We hear a lot about mindfulness and engaging in the practice of mindfulness, but have you seen the impact for yourself? We’re told over and over that mindfulness is the key to inner peace, allowing us to focus on what’s important. If you’re one of the skeptics allow me to share my most recent finding.
A couple of weeks ago I spoke about the importance of meditation as outlined by Dan Harris in 10% Happier. Harris had a panic attack while reporting on Good Morning America. After much soul searching, psychiatrist visits, and retreats he concluded that meditation is the one thing that brings him to center and has improved his life.
I’m a seeker. I love learning new things, exploring the things that capture my attention, and expand what I think is possible. I look for reporters that are covering topics we would like to breeze by because they make us uncomfortable. Lisa Ling is one of those reporters. Ling’s show Our America with Lisa Ling, airs on OWN (the Oprah Winfrey Network), tackles tough issues that we grapple with every day. Her latest show was about Attention Deficit Hyperactivity Disorder (ADHD).
There are fifteen million people in the United States diagnosed with ADHD, most of them children. It’s disruptive to the lives of the children and their families. It leaves school systems feeling helpless and at odds with how to provide an education to these kids without interfering with their regular school programs. The episode followed those who are taking medication, as many do, and a case where an alternative to medication was used.

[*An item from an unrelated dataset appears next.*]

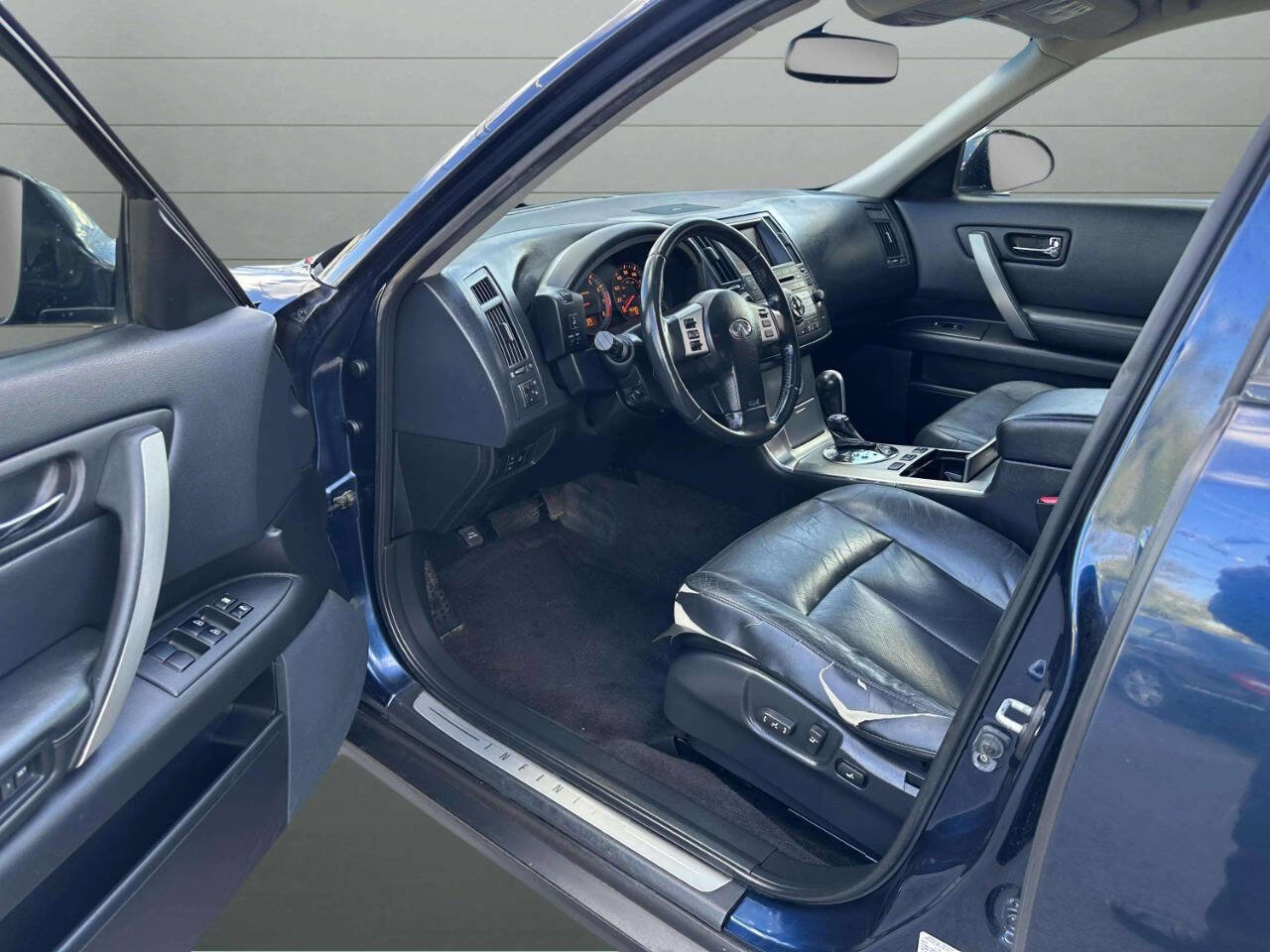 Used 2006 INFINITI FX35 2WD w/ (G02) Touring Pkg image 14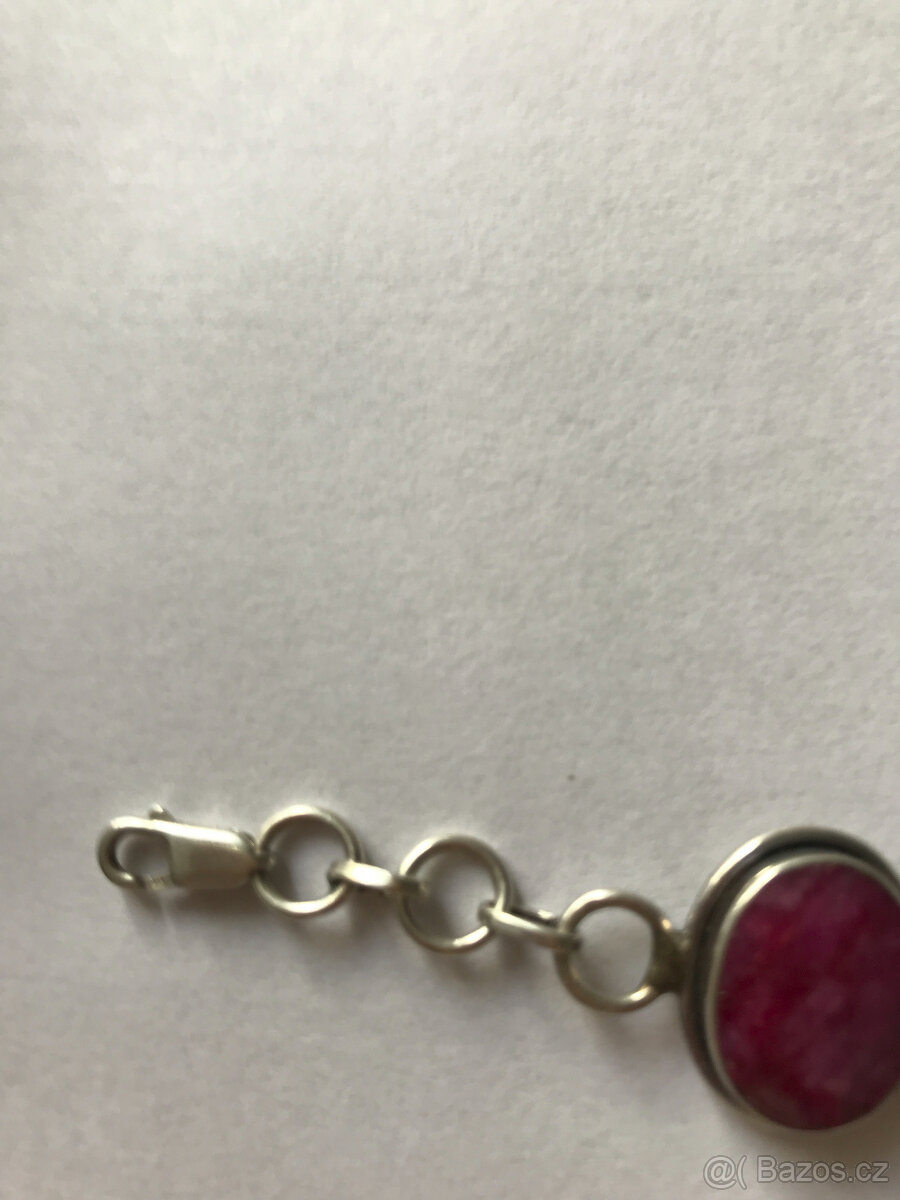 Stříbrný náramek s rubíny a perlami. - 3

Wilson, a child with ADHD and oppositional defiant disorder was struggling through school. Things got so bad that in the second grade he told his mother that if he had to go back to school he was going to commit suicide. Fortunately his mother, an educator, hired an education advocate and they found salvation at The Hunter School.
The Hunter School is a unique boarding and therapeutic school helping young children with ADHD, Anxiety, Sensory and related conditions(taken from their website, www.hunterschool.org). The first shift in perspective came from the administrator. She reframed ADHD as a diagnosis to calling these children Energetically Sensitive. It shifted the cloud hanging over these kids to blue skies of hope.
The school is truly unique. The student teacher ratio is 1:3, unheard of in the American education system. The school takes a holistic approach, no medication. In its place the children are taught to meditate. They are guided in techniques to center themselves. If a child is disruptive in the classroom he or she is taken out of the class and brought to the mindful room where the student and the teacher work on refocusing, centering, and strategizing about ways to regain control.
Wilson, the student I spoke about earlier is thriving. He lives at the school during the week. His life has totally changed. He feels re-invented. He’s learned to structure his life so it’s manageable. He is renewed body, mind, and spirit. He eloquently discusses his new lease on life.
I understand that not every child has access to an educational institution like The Hunter School, but the school model is one we need to explore. The next question is if it works for kids, what could the impact be for adults. Dan Harris talks about the impact of going on a ten-day silent retreat and other meditation revelations.
I’m not saying that mindfulness is a cure for everything, but explore it. If you’re feeling anxious, depressed, angry or simply out-of-sorts, explore the impact of mindfulness. As always I’m not saying this is the definitive answer. You should always consult with a therapist, coach, or spiritual director to explore your options so your choices are made with informed consent.